L’objet de la loi de programmation n’est en aucun cas de prévoir par facilité une croissance insoutenable de la dépense en santé, mais de dépenser mieux. En tendance, les dépenses de santé augmentent plus vite que la richesse nationale, en raison de l’évolution démographique mais aussi et surtout en raison de la non-maitrise des pathologies chroniques.

De ce point de vue, la situation de la France est peu enviable avec une espérance de vie en bonne santé inférieure de 5 à 7 ans par rapport à la Scandinavie ou les pays d’Europe du Sud. Pour remédier à cette situation, il apparait nécessaire de sortir d’une régulation comptable de l’ONDAM et d’orienter notre système de santé solidaire vers une politique systématique de prévention et de santé publique.

La loi de programmation vise plusieurs objectifs et en particulier : 

  • fixer les objectifs de la politique de santé et les transformations à réaliser (organisation du système de santé, modes de financement) sur une période de 5 ans ; 
  • déterminer les moyens humains et financiers permettant d’atteindre les objectifs posés ;
  • définir les modalités de concertation, d’évaluation et d’ajustement des objectifs et les moyens d’identifier des priorités transversales à l’ensemble de la santé ;
  • chaque loi concernant la santé qui entrerait en vigueur au cours de cette période, et en particulier la Loi de financement de la sécurité sociale (LFSS), en serait la déclinaison.

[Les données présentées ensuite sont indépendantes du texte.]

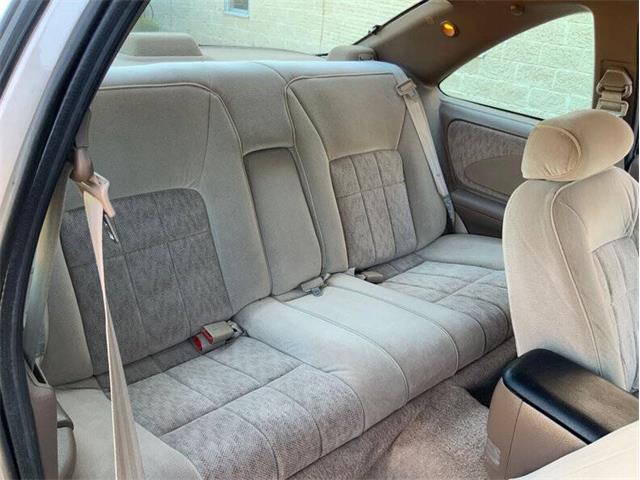 1995 Ford Thunderbird (CC-2065783) for sale in Fredericksburg, Texas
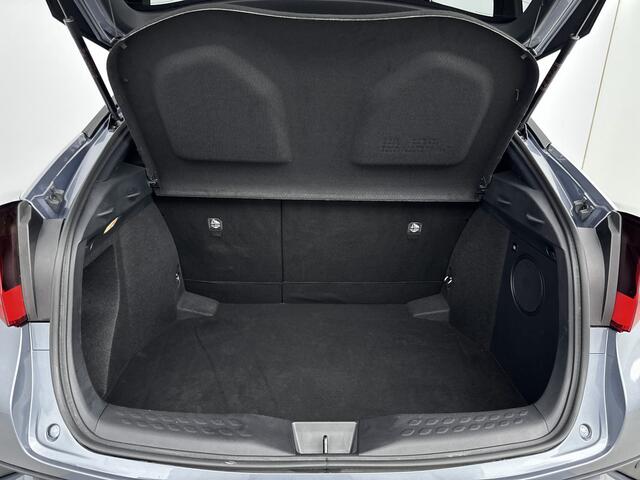 Toyota C-HR 1.8 Hybrid Style | Garantie t/m 06-2031 mogelijk | Stoelverwarming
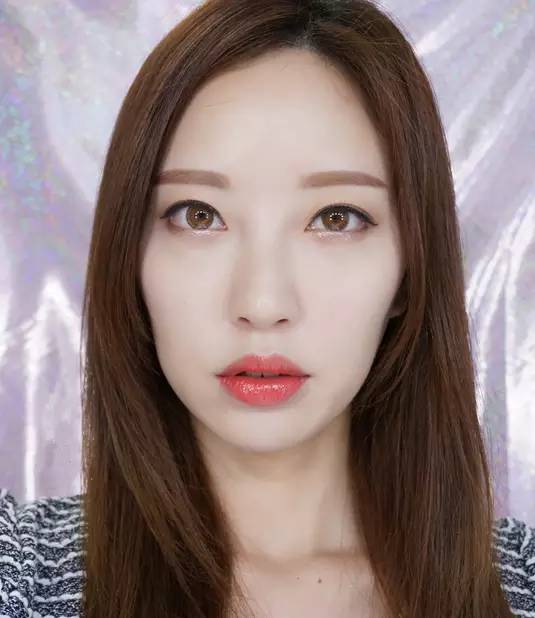 眉毛稀疏怎么画眉好看,眉毛短的女人怎样画眉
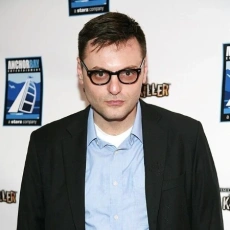 Rob Schmidt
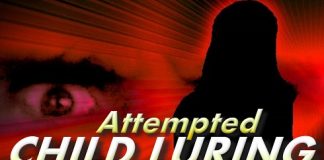 Estevan male arrested for Child Luring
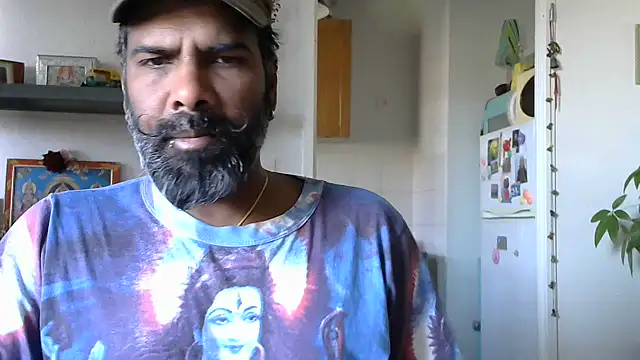 frenchblackc31 online show from 03/15/26, 08:32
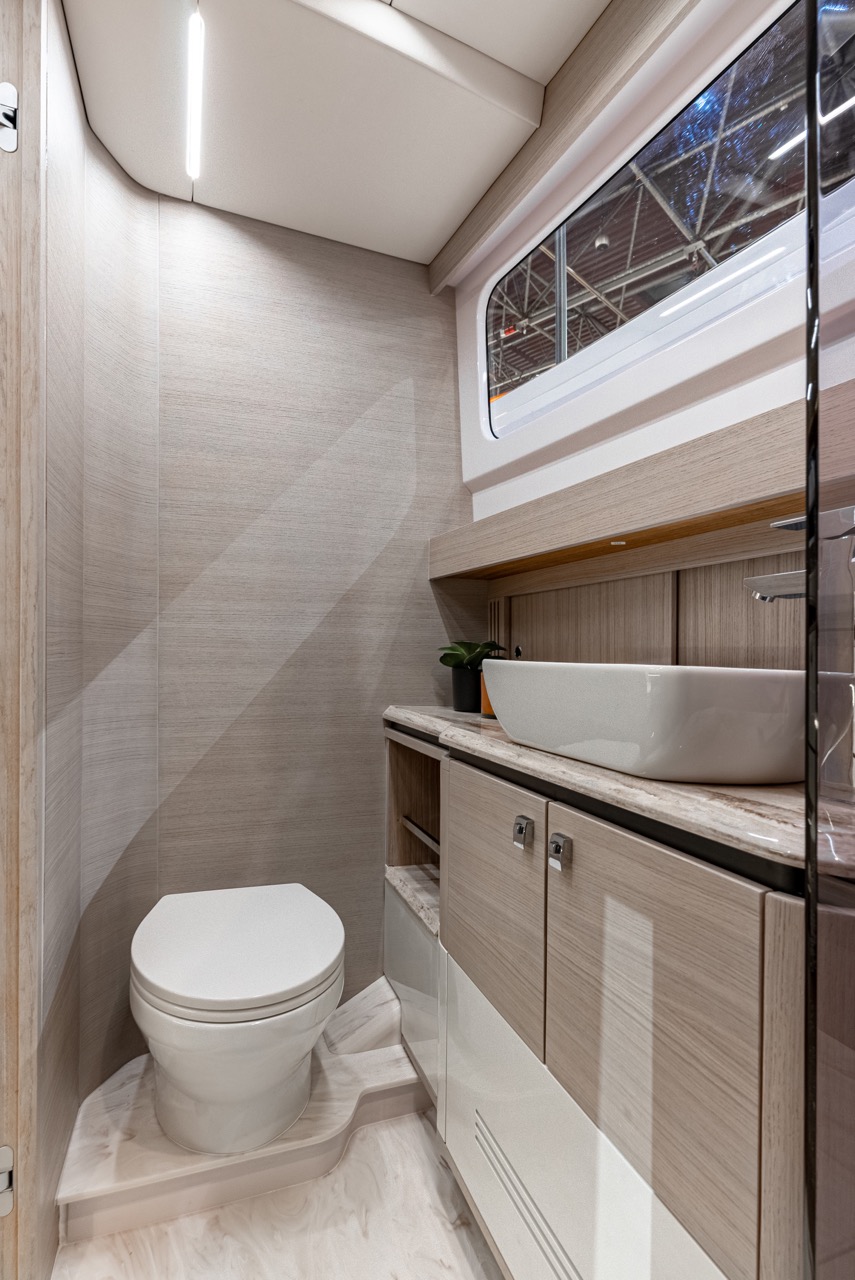 Level Yachts 43 ST, 2026 NOVÁ LOĎ image 30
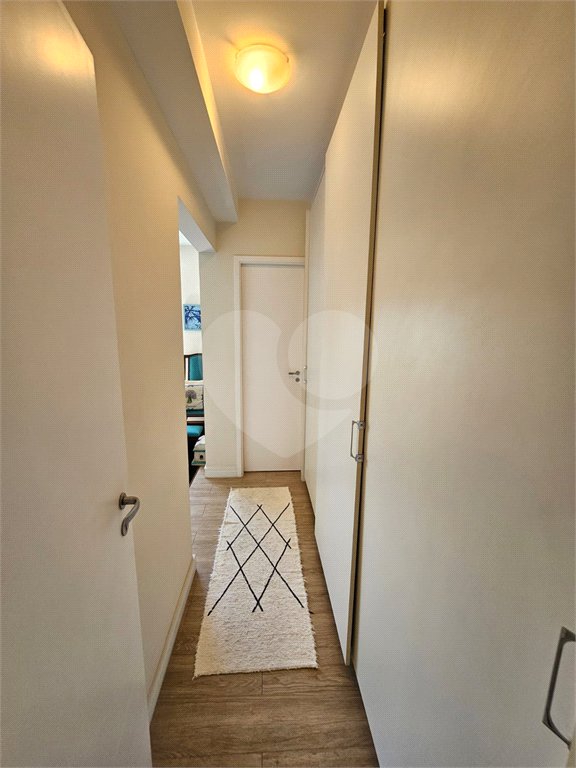Apartamento à venda com 3 suítes em Chácara Santo Antônio (zona Sul), São Paulo, SP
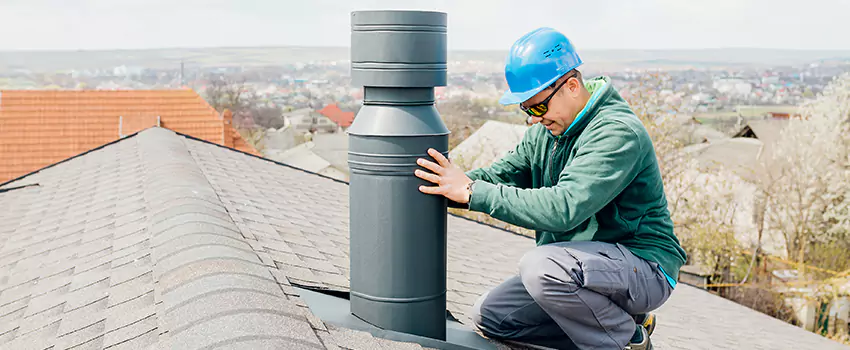 Chimney Chase Inspection Near Me in Oakdale, California
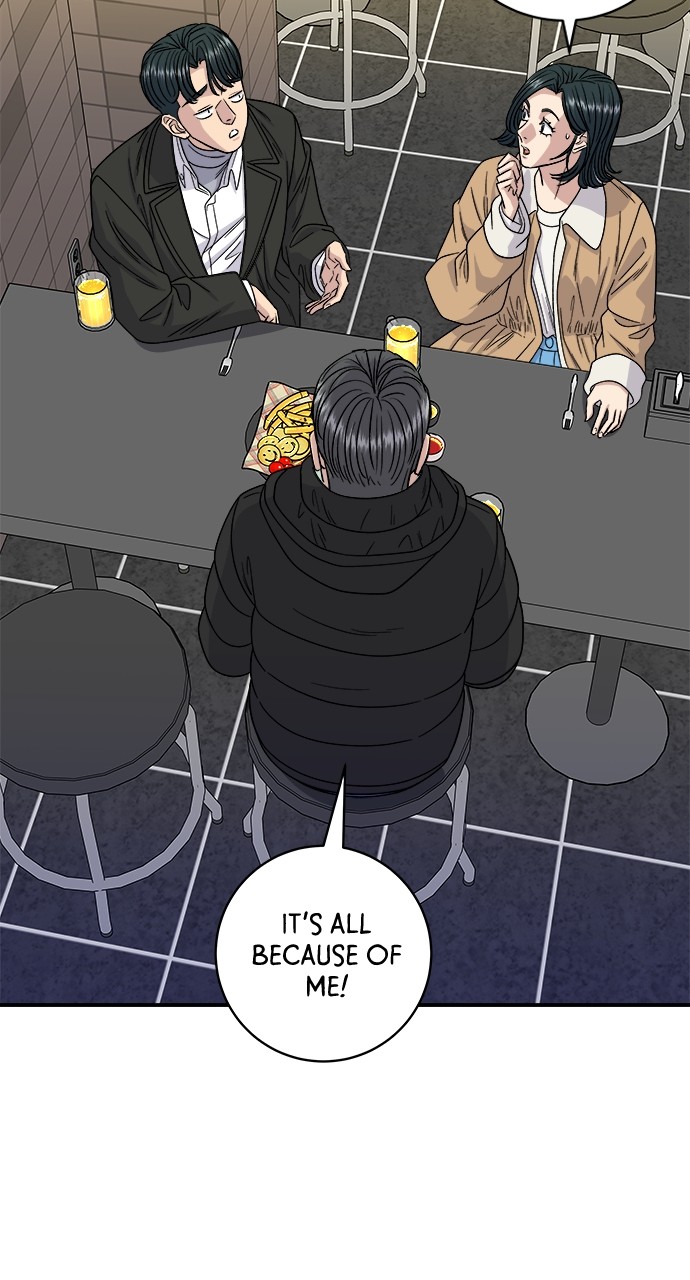 Chapter 95 - Image 28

La loi de programmation devrait être votée en amont de la prochaine Loi de programmation des finances publiques pour être pleinement prise en compte.

2 - Une loi de programmation portant un taux d'évolution minimum des financements

L’atteinte des objectifs et priorités de santé publique fixés pour 5 ans nécessite de fixer un cadre financier pluriannuel sécurisant, des ajustements étant prévus annuellement afin d’adapter les cibles financières aux évolutions.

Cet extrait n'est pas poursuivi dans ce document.